- [Action item]: Taking the line containing "Explorando o Universo" as the first and the last line of the entries as the end, reproduce every line between them exactly, including both.

[Brief descriptive captions]
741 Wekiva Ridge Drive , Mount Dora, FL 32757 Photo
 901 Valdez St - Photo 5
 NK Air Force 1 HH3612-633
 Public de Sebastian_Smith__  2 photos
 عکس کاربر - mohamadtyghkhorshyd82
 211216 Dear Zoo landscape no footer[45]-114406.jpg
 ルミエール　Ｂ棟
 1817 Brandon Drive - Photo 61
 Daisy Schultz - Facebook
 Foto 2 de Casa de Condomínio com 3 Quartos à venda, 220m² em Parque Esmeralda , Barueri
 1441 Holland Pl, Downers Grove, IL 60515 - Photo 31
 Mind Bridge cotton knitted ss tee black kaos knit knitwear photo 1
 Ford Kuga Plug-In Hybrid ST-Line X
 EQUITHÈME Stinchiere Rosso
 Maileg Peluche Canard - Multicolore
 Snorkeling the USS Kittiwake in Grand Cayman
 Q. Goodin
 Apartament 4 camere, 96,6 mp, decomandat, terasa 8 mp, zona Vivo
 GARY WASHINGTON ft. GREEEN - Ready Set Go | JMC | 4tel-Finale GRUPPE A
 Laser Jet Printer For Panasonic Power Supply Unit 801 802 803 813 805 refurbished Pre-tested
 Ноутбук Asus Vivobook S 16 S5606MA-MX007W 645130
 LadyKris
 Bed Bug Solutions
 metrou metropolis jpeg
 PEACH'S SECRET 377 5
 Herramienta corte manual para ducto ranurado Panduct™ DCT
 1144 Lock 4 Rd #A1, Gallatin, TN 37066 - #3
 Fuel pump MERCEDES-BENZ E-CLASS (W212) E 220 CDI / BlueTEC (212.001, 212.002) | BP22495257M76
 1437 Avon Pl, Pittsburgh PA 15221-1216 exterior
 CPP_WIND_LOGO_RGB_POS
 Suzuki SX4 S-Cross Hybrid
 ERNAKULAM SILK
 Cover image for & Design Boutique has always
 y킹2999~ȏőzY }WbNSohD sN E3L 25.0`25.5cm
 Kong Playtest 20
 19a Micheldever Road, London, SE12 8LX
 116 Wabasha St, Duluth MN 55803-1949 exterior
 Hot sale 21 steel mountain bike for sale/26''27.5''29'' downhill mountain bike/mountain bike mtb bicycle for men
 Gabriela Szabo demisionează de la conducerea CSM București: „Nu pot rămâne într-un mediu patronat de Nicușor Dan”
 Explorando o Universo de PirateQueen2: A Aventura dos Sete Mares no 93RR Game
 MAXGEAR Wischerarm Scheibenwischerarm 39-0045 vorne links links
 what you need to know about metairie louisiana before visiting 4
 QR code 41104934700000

- [Task output]:
 Explorando o Universo de PirateQueen2: A Aventura dos Sete Mares no 93RR Game
 MAXGEAR Wischerarm Scheibenwischerarm 39-0045 vorne links links
 what you need to know about metairie louisiana before visiting 4
 QR code 41104934700000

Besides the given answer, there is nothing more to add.